Jerry Weiss -- bass, keyboards



- Blood, Sweat, and Tears (Jerry Weiss)

- The Hollywood Vampires (Jimmy Maelen)

- The Latin Dimension (Jimmy Maelen)

- Shobizz (Jimmy Maelen)






Genre: horn-rock

Rating: 2 stars **

Title:  Ambergris

Company: Paramount

Catalog: PAS 5014

Country/State: US

Grade (cover/record): VG+/VG+

Comments: gatefold sleeve

Available: 1

Catalog ID: 5928

Price: $15.00


If you're a Blood, Sweat and Tears, or early Chicago fan this one-off project might be of passing interest.  Otherwise, you can stop reading right here ...

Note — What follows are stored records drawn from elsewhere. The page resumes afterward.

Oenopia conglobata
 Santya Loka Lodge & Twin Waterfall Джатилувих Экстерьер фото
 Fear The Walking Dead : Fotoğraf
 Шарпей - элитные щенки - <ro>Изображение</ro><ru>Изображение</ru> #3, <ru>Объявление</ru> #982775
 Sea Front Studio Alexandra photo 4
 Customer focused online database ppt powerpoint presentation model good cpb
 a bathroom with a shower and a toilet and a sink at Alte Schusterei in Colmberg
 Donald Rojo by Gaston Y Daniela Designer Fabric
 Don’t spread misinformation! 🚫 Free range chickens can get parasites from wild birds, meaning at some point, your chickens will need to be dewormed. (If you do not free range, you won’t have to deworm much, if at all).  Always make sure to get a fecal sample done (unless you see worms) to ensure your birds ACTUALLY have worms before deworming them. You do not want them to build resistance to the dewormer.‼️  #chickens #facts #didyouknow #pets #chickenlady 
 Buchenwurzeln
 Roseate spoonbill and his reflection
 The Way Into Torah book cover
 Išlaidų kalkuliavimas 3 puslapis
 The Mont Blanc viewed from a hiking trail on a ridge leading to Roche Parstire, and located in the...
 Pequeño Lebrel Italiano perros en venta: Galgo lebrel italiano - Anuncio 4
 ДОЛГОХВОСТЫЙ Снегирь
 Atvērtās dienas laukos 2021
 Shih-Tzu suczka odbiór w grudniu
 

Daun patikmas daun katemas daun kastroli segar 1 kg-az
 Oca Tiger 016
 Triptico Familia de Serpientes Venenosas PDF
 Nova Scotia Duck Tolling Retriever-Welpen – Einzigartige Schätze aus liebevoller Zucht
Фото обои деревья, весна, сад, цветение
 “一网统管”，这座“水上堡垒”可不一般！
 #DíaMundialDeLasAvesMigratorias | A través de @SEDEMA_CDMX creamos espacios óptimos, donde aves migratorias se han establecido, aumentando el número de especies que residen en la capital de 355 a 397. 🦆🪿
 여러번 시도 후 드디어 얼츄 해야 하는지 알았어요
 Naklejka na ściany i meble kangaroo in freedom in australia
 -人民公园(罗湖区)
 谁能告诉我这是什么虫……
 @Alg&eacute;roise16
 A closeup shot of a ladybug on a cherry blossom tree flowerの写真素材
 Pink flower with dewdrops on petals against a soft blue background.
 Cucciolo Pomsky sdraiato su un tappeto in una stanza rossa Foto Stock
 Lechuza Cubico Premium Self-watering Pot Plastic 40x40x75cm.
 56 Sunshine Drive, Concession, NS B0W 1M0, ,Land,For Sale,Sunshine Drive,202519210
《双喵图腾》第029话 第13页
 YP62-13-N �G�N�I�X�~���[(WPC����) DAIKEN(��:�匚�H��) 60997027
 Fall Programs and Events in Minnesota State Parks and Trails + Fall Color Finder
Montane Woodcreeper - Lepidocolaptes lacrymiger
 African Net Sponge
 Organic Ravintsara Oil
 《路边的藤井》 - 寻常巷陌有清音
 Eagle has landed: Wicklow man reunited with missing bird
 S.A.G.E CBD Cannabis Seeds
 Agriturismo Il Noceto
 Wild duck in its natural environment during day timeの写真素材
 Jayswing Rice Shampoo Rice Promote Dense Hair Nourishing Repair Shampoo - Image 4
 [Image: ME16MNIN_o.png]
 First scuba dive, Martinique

It's hard to believe now, but in the late 1960s/early 1970s horn rock was all the rage.  Driven by the success David Clayton Thomas and BS&T, Chicago, and others enjoyed, record labels began scouring the countryside for any entity that could be marketed as a horn band.  Paramount Records contribution to the feeding frenzy came in the form of Ambergris.  If you were a horn band then bigger was apparently considered better and as a ten piece ensemble Ambergris was up there.  With former BS&T bassist Jerry Weiss serving as front man, the band featured the talents of drummer Gil Fields, keyboardist Larry Harlow, singer Jimmy Maelen, guitarist  Billy Shay and a horn section  showcasing Charlie Camilleri, Lewis Kahn, Harry Max and Glenn Jon Miller.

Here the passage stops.